If you look at the above, you will see a pattern of behavior that leads to bigger issues. For example, one of the biggest issues with the above is that the problem actually starts in the lower environments, where there are clearly configuration issues that are just “fixed” for sake of convenience.

What kind of problems does Configuration Drift create?

Ultimately by allowing configuration drift to happen, you are undermining your ability to make processes truly repeatable. You essentially create a situation where certain environments are “golden.”

So this creates a situation where each environment, or even each virtual machine can’t be trusted to run the pieces of the application.

This problem, gets even worse when you consider multi-region deployments as part of each environment. You now have to manage changes across the entire environment, not just one region.

This can cause a lot of problems:

Inconsistent service monitoring
Increased difficulty debugging
Insufficient testing of changes
Increased pressure on deployments
Eroding user confidence

How does this impact availability?

When you have configuration drift, it undermines the ability to deploy reliably to multiple regions, which means you can’t trust your failover, and you can’t create new environments as needed.

The most important thing to keep in mind is that the core concept behind everything here is that “Services are cattle, not pets…sometimes you have to make hamburgers.”

What can we do to fix it?

So given the above, how do we fix it? There are something you can do that are processed based, and others that are tool based to resolve this problem. In my experience, the following things are important to realize, and it starts with “admitting there is a problem.” Deadlines will always be more aggressive, demands for release will always be greater. But you have to take a step back and say this “if we have to change something, it has to be done by script.”

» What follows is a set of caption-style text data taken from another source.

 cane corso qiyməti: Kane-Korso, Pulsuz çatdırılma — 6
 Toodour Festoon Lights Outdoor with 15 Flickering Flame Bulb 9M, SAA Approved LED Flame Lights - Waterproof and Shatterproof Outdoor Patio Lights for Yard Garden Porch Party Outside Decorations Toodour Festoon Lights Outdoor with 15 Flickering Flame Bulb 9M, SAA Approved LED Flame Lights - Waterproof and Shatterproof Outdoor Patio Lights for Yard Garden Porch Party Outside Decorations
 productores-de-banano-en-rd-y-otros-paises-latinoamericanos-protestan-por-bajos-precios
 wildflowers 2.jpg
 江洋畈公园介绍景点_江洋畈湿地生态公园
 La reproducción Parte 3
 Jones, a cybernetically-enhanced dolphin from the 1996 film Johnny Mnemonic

By forcing all changes to go through the pipeline, we can make sure everyone is aware of it, and make sure that the changes are always made every time. So there is a requirement to make sure you force yourself to do that, and it will change the above flow in the following ways:

You deploy code to a dev environment, and everything works fine.
You run a battery of tests, automated or otherwise to ensure everything works.
You deploy that same code to a test environment.
You run a battery of tests, and some fail, you make some changes to script to get it working.
You redeploy automatically when you change those scripts to dev, and automated tests are run on the dev environment.
The new scripts are run on test and everything works properly.
You deploy to production, and everything goes fine.

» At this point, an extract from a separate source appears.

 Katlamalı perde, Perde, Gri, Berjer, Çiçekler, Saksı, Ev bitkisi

So ultimately you need to focus on simplifying and automating the changes to the environments. And there are some tools you can look at to help here.

Implement CI/CD, and limit access to environments as you move up the stack.
Require changes to be scripted as you push to test, stage, or preprod environments.
Leverage tools like Chef, Ansible, PowerShell, etc to script the actions that have to be taken during deployments.
Leverage infrastructure as code, via tools like TerraForm, to ensure that your environments are the same every time.

By taking some of the above steps you can make sure that things are consistent and ultimately limiting access to production to “machines” only.